## Activity
Your task is to repeat exactly the lines below between the line holding "NETGEAR 5-Port Multi-Gigabit" and the line holding "Серебряное кольцо #2100668(POx-Bk), Серебро", inclusive, and only those.

◇ ◇ ◇ ◇ ◇ ◇ ◇

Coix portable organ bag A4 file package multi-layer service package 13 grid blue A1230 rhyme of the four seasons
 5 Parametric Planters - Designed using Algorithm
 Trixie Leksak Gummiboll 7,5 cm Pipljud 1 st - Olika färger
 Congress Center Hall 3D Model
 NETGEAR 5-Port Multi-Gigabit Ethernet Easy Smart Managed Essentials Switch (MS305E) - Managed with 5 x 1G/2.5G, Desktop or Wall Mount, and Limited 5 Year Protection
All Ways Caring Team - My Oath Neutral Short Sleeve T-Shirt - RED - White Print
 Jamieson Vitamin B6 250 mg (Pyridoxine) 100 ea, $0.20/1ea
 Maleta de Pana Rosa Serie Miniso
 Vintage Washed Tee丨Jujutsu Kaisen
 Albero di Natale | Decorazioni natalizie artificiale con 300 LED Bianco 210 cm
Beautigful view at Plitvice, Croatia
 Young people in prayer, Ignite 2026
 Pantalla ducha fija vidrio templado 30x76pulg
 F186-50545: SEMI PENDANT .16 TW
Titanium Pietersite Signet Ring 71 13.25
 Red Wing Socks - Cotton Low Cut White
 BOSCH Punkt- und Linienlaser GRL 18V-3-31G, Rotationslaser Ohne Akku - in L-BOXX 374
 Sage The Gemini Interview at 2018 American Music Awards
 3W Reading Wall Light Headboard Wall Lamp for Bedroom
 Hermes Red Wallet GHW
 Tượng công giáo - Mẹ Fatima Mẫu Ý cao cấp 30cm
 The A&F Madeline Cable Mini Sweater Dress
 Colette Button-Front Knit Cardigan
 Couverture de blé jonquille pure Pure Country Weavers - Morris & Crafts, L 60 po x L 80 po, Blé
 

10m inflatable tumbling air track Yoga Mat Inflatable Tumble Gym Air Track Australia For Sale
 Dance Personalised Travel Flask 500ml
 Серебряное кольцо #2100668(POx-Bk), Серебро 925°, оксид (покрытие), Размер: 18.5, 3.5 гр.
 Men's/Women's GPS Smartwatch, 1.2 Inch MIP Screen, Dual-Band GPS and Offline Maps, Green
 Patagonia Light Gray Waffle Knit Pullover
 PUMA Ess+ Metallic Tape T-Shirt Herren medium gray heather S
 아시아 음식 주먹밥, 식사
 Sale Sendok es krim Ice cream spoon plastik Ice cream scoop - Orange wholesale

◇ ◇ ◇ ◇ ◇ ◇ ◇

## Your response
 NETGEAR 5-Port Multi-Gigabit Ethernet Easy Smart Managed Essentials Switch (MS305E) - Managed with 5 x 1G/2.5G, Desktop or Wall Mount, and Limited 5 Year Protection
All Ways Caring Team - My Oath Neutral Short Sleeve T-Shirt - RED - White Print
 Jamieson Vitamin B6 250 mg (Pyridoxine) 100 ea, $0.20/1ea
 Maleta de Pana Rosa Serie Miniso
 Vintage Washed Tee丨Jujutsu Kaisen
 Albero di Natale | Decorazioni natalizie artificiale con 300 LED Bianco 210 cm
Beautigful view at Plitvice, Croatia
 Young people in prayer, Ignite 2026
 Pantalla ducha fija vidrio templado 30x76pulg
 F186-50545: SEMI PENDANT .16 TW
Titanium Pietersite Signet Ring 71 13.25
 Red Wing Socks - Cotton Low Cut White
 BOSCH Punkt- und Linienlaser GRL 18V-3-31G, Rotationslaser Ohne Akku - in L-BOXX 374
 Sage The Gemini Interview at 2018 American Music Awards
 3W Reading Wall Light Headboard Wall Lamp for Bedroom
 Hermes Red Wallet GHW
 Tượng công giáo - Mẹ Fatima Mẫu Ý cao cấp 30cm
 The A&F Madeline Cable Mini Sweater Dress
 Colette Button-Front Knit Cardigan
 Couverture de blé jonquille pure Pure Country Weavers - Morris & Crafts, L 60 po x L 80 po, Blé
 

10m inflatable tumbling air track Yoga Mat Inflatable Tumble Gym Air Track Australia For Sale
 Dance Personalised Travel Flask 500ml
 Серебряное кольцо #2100668(POx-Bk), Серебро 925°, оксид (покрытие), Размер: 18.5, 3.5 гр.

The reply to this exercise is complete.